━━━ Data for analysis
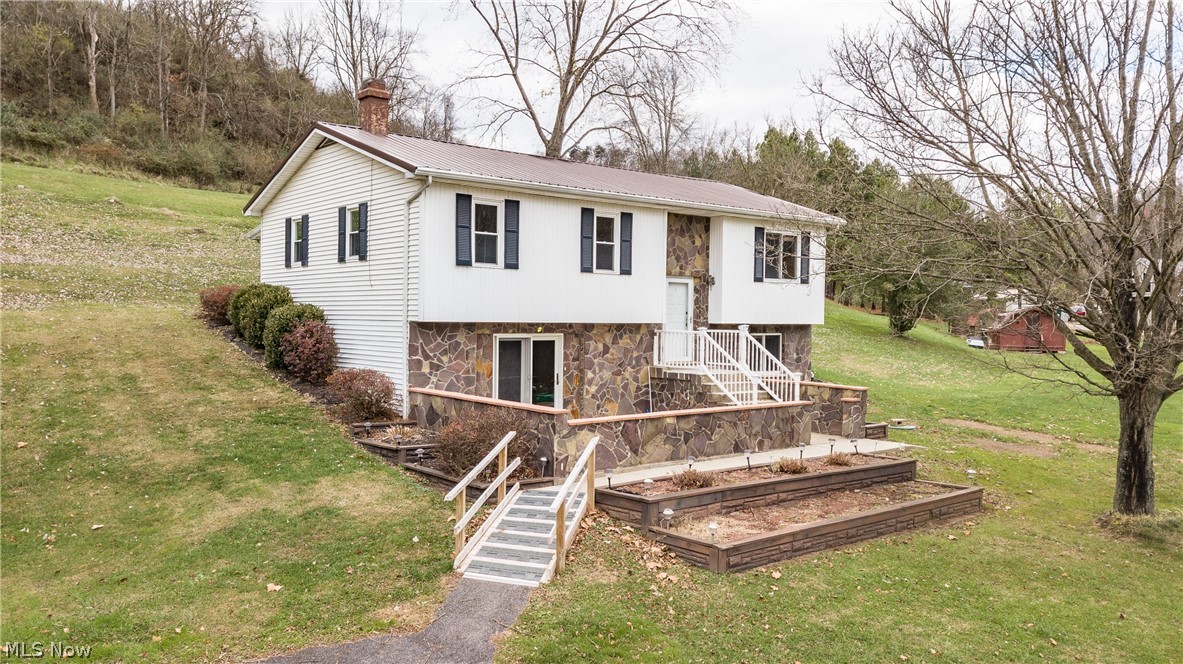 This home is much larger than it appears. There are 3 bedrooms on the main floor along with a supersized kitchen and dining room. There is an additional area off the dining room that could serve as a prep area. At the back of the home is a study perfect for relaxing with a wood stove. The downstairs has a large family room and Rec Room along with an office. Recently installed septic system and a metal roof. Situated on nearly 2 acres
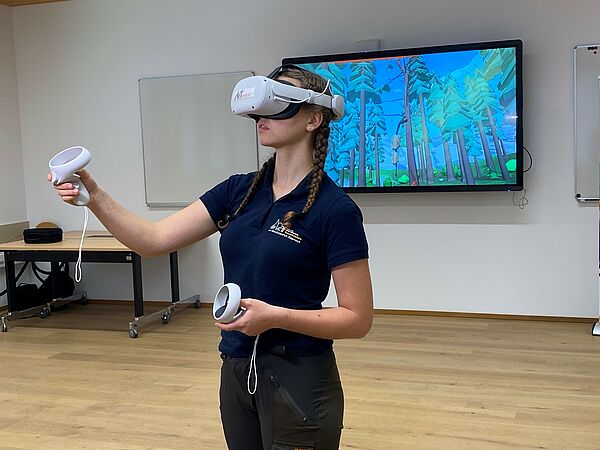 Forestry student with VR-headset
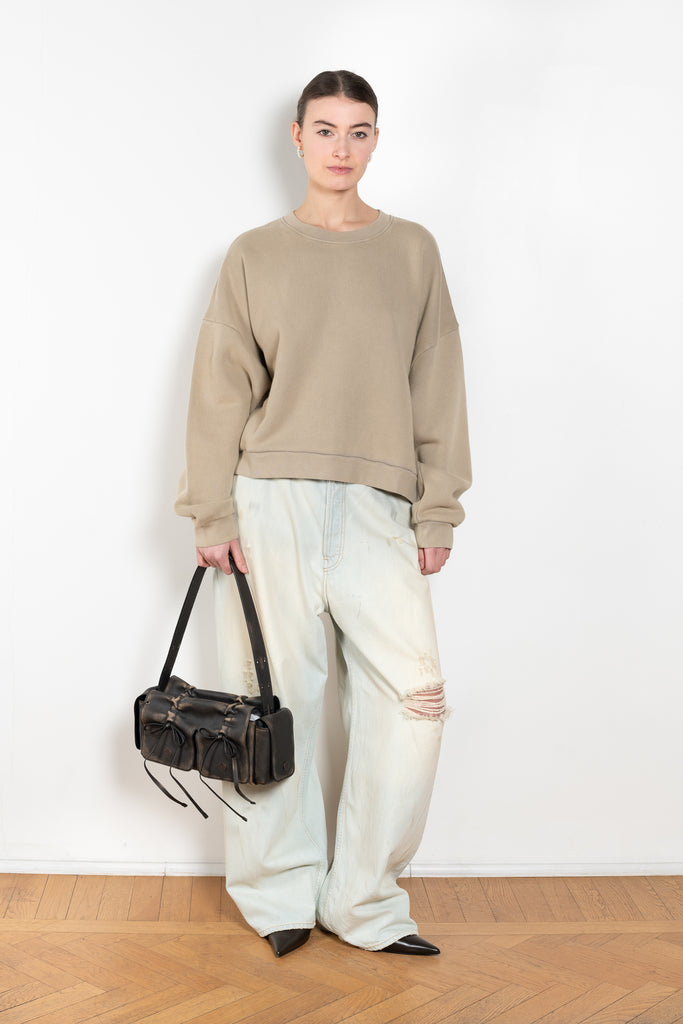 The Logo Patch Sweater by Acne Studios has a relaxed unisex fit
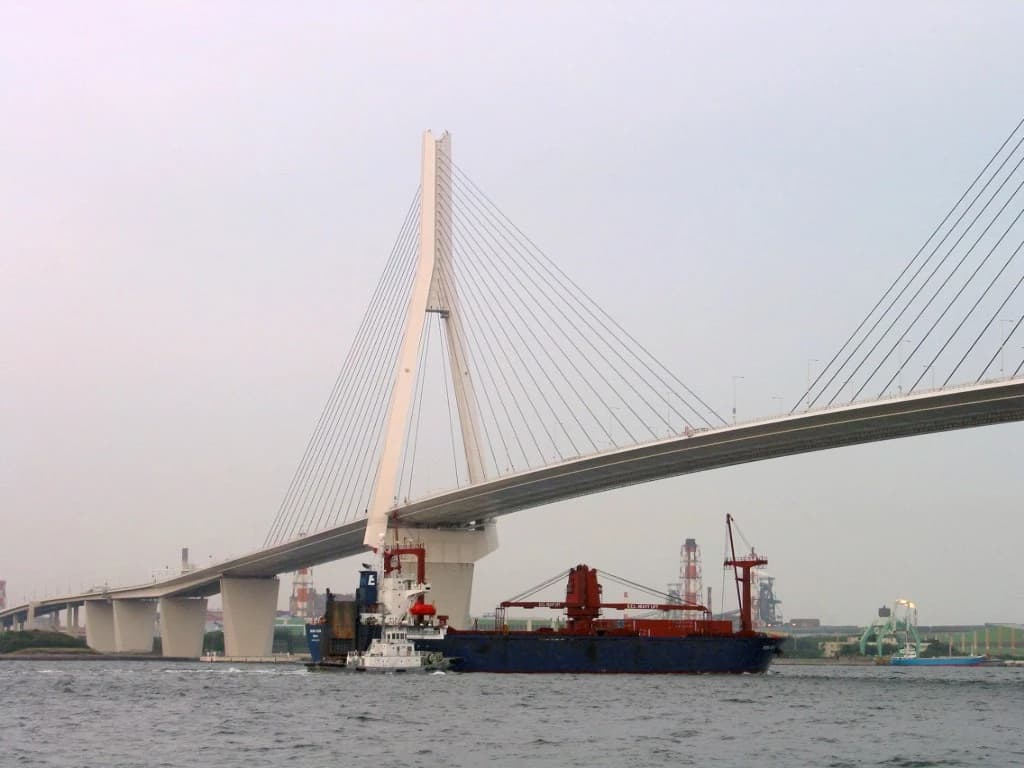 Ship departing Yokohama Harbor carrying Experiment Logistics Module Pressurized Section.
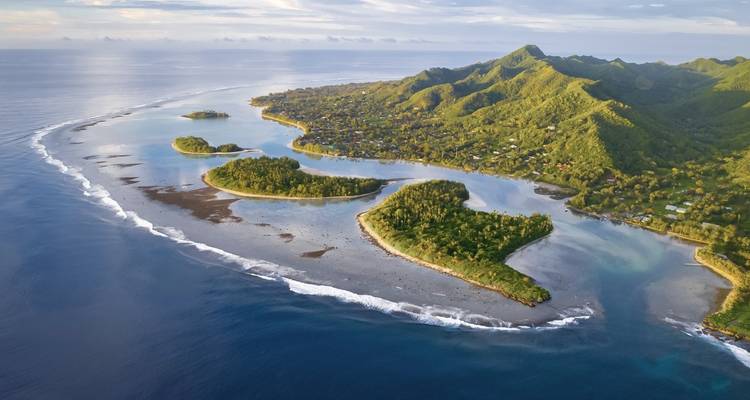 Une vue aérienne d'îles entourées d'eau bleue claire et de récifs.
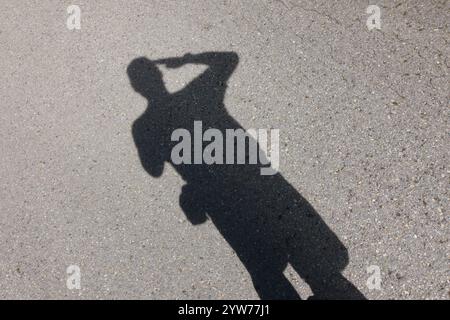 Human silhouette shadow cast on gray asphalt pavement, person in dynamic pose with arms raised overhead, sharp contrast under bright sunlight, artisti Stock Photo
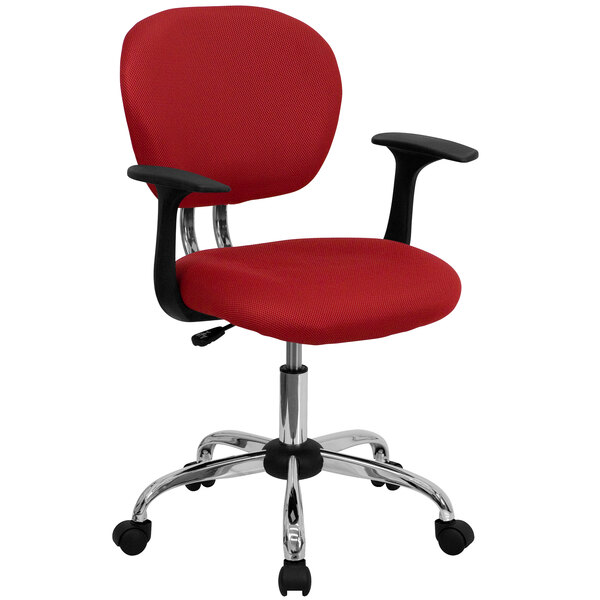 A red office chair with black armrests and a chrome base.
━━━━━━
§ **Exercise details**
The answer should contain nothing but the lines from the top of the data above through the line containing "Une vue aérienne", copied exactly, with no images.

§ **Task response**
 This home is much larger than it appears. There are 3 bedrooms on the main floor along with a supersized kitchen and dining room. There is an additional area off the dining room that could serve as a prep area. At the back of the home is a study perfect for relaxing with a wood stove. The downstairs has a large family room and Rec Room along with an office. Recently installed septic system and a metal roof. Situated on nearly 2 acres
 Forestry student with VR-headset
 The Logo Patch Sweater by Acne Studios has a relaxed unisex fit
 Ship departing Yokohama Harbor carrying Experiment Logistics Module Pressurized Section.
 Une vue aérienne d'îles entourées d'eau bleue claire et de récifs.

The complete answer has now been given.